English rugby league footballer (born 1995)

Daniel Spencer-Tonks is an English professional rugby league footballer who plays for Whitehaven RLFC in the RFL League 1.

==Playing career==
===Salford Red Devils===
In September 2022 Spencer-Tonks made his Salford debut in the Super League against the Warrington Wolves.

===Swinton Lions===
On 23 October 2023 it was reported that he had signed for Swinton in the RFL Championship.

===Rochdale Hornets===
On 12 June 2024 it was reported that he had signed for Rochdale in the RFL League 1 on a one-year deal.

On 21 November 2024 it was reported that he had left Rochdale alongside seven others departing the club.
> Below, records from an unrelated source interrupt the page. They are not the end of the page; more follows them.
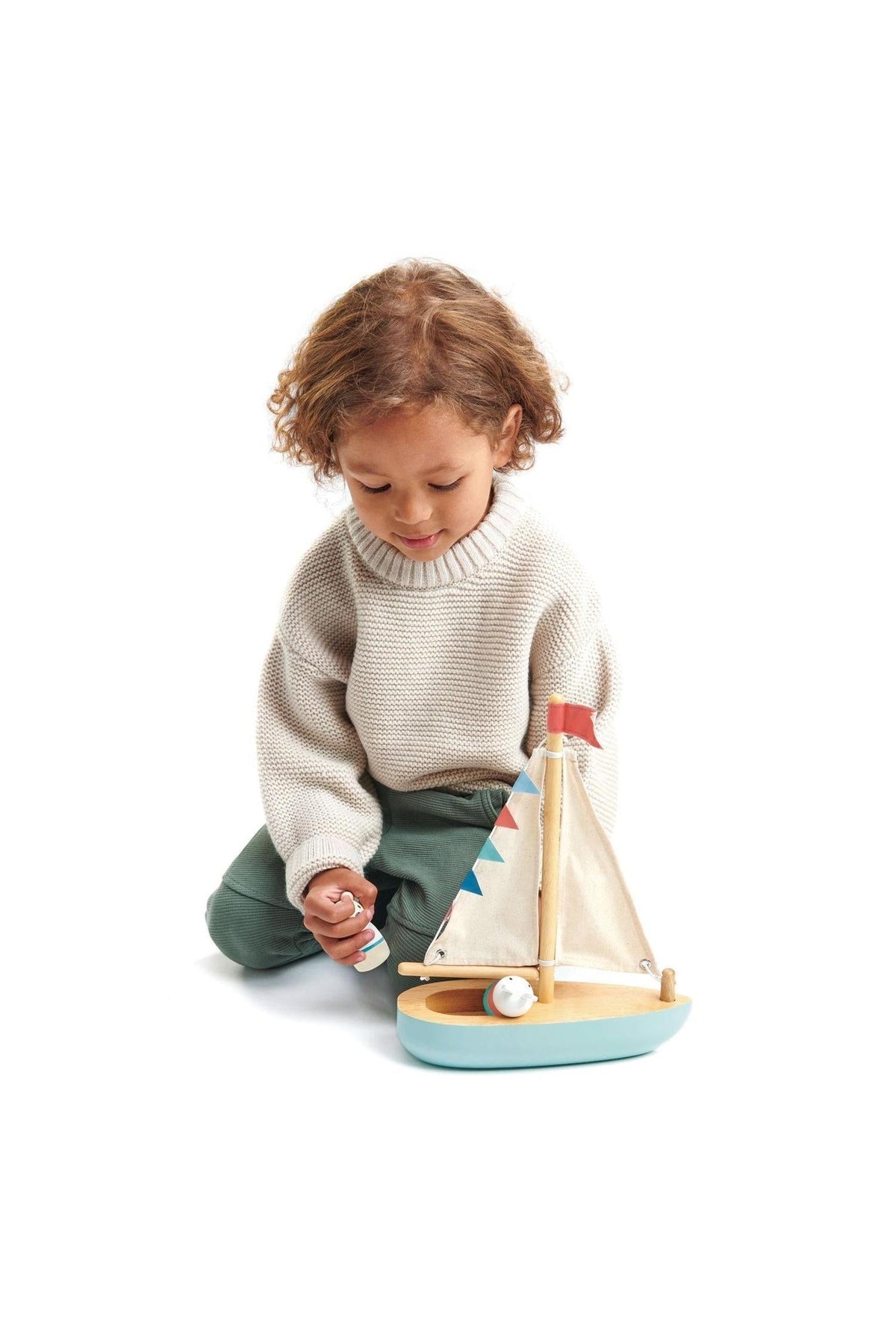 A child in a cozy sweater plays with a Tender Leaf wooden sailboat, featuring fabric sails and colorful bunting.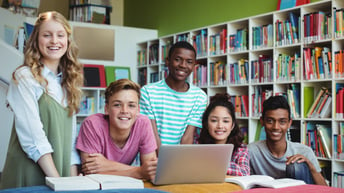 Portrait of happy students in library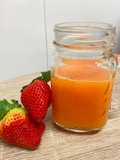 Licuado de naranja y fresas
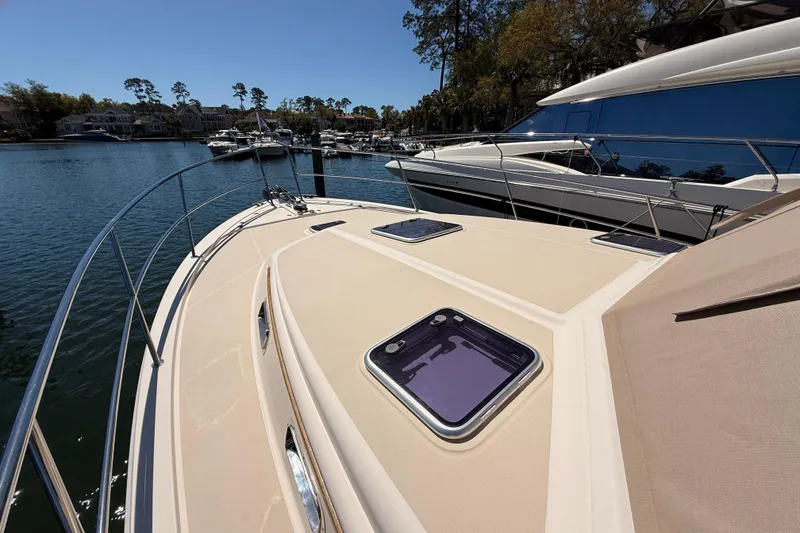 Slide: The Image of 2022 Sabre 38 Salon Express yacht docked in a serene marina setting. - 11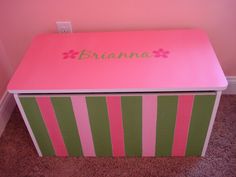 a pink and green toy box with the name aria on it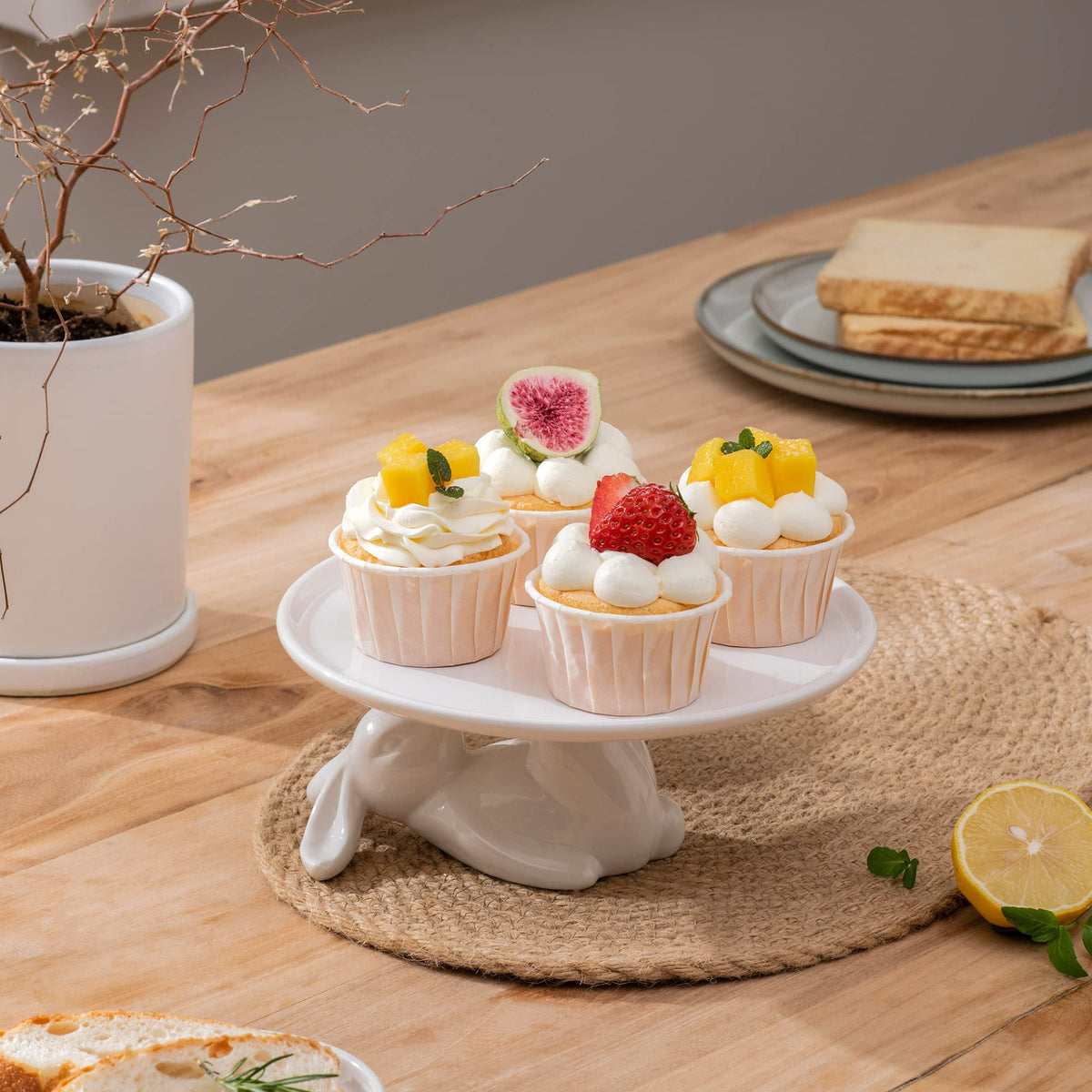Close-up of LA JOLIE MUSE bunny cake stand showing handcrafted glaze detail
===Whitehaven RLFC (re-join)===
On 9 June 2025 it was reported that he had signed for Whitehaven RLFC in the RFL League 1

==Doping ban==
Spencer-Tonks served a four year ban from 2015 to 2019 for an anti-doping rule violation after testing positive for stanozolol.